> _Task brief_: Write out exactly the lines from the one holding "05-【安全制度】-10-安全生产责任制度.doc" to the last line of the entries, both ends included and nothing else, without the pictures.

> _Record extracts_:
== Segment start ==

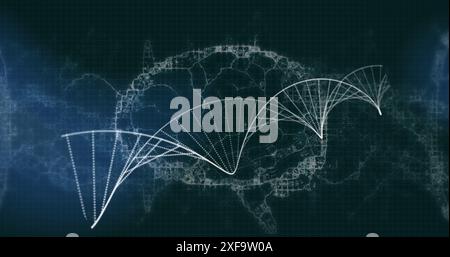 Image of dna strand spinning over human brain Stock Photo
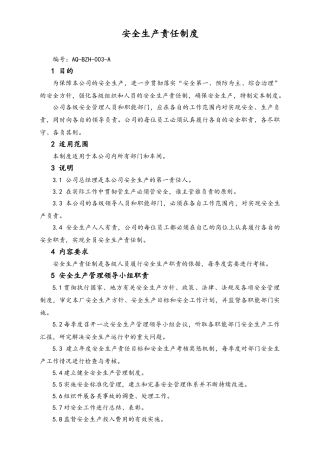 05-【安全制度】-10-安全生产责任制度.doc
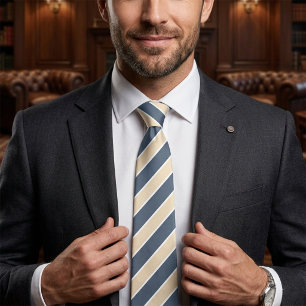 Elegant Champagne Slate Father of the Bride Tie
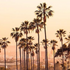 Palm Trees: A California Story, Design Inspiration, and a Tribute to Resilience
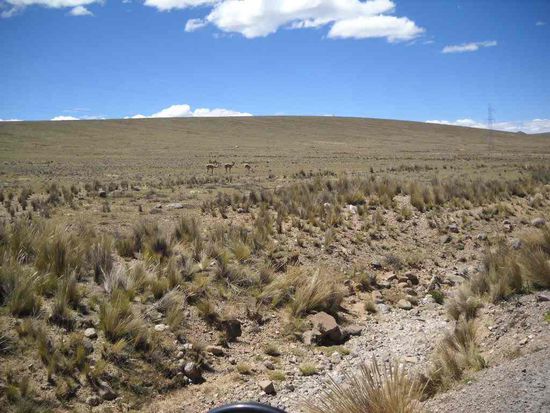 Vicunas im Alti Plano.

== Segment end ==

> _Output of the exercise_:
 05-【安全制度】-10-安全生产责任制度.doc
 Elegant Champagne Slate Father of the Bride Tie
 Palm Trees: A California Story, Design Inspiration, and a Tribute to Resilience
 Vicunas im Alti Plano.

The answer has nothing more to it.